++++ Data provided ++++
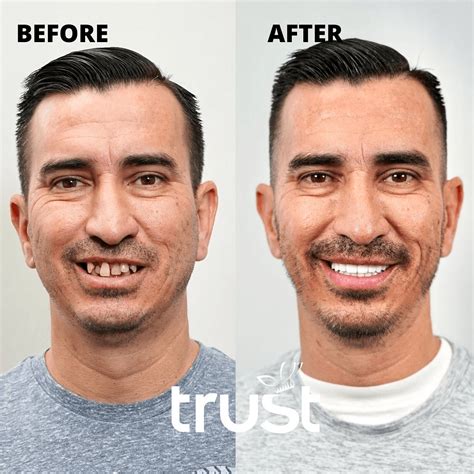 Trust Implants Remarkable Dental Implants In Indian Wells 1 Rated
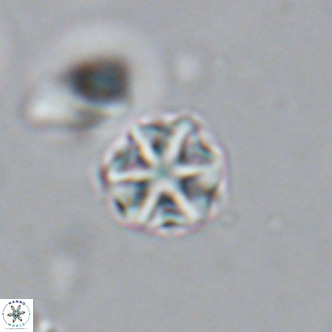 Olladiscoaster catinatus VR 18361
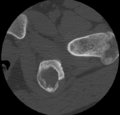 Aneurysmal bone cyst of ischium (Radiopaedia 25957-26094 B 27).png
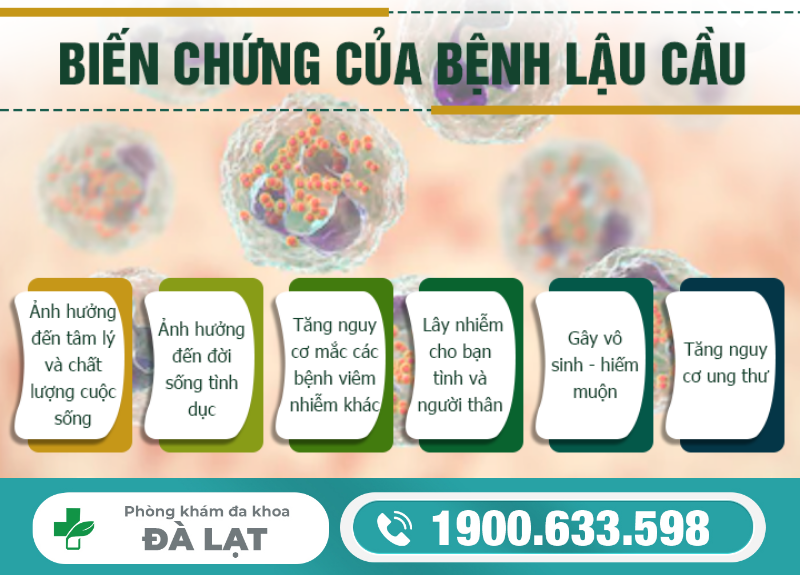 Hình ảnh minh họa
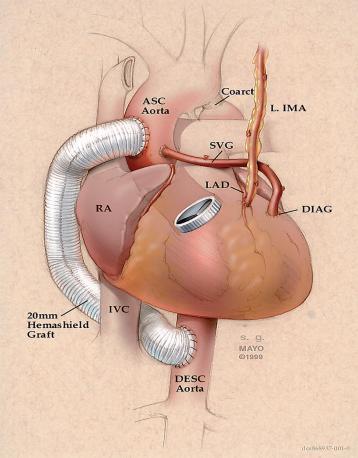 Εικόνα 21: Αορτική παράκαμψη με μόσχευμα Εικόνα 22: Balloon Angioplasty με τοποθέτηση stent (Illustrations reprinted from PedHeart Resource. www.heartpassport.com.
++++
Activity
Although the records contain pictures, only their text should be repeated, exactly as it appears.

Worked solution
 Trust Implants Remarkable Dental Implants In Indian Wells 1 Rated
 Olladiscoaster catinatus VR 18361
 Aneurysmal bone cyst of ischium (Radiopaedia 25957-26094 B 27).png
 Hình ảnh minh họa
 Εικόνα 21: Αορτική παράκαμψη με μόσχευμα Εικόνα 22: Balloon Angioplasty με τοποθέτηση stent (Illustrations reprinted from PedHeart Resource. www.heartpassport.com.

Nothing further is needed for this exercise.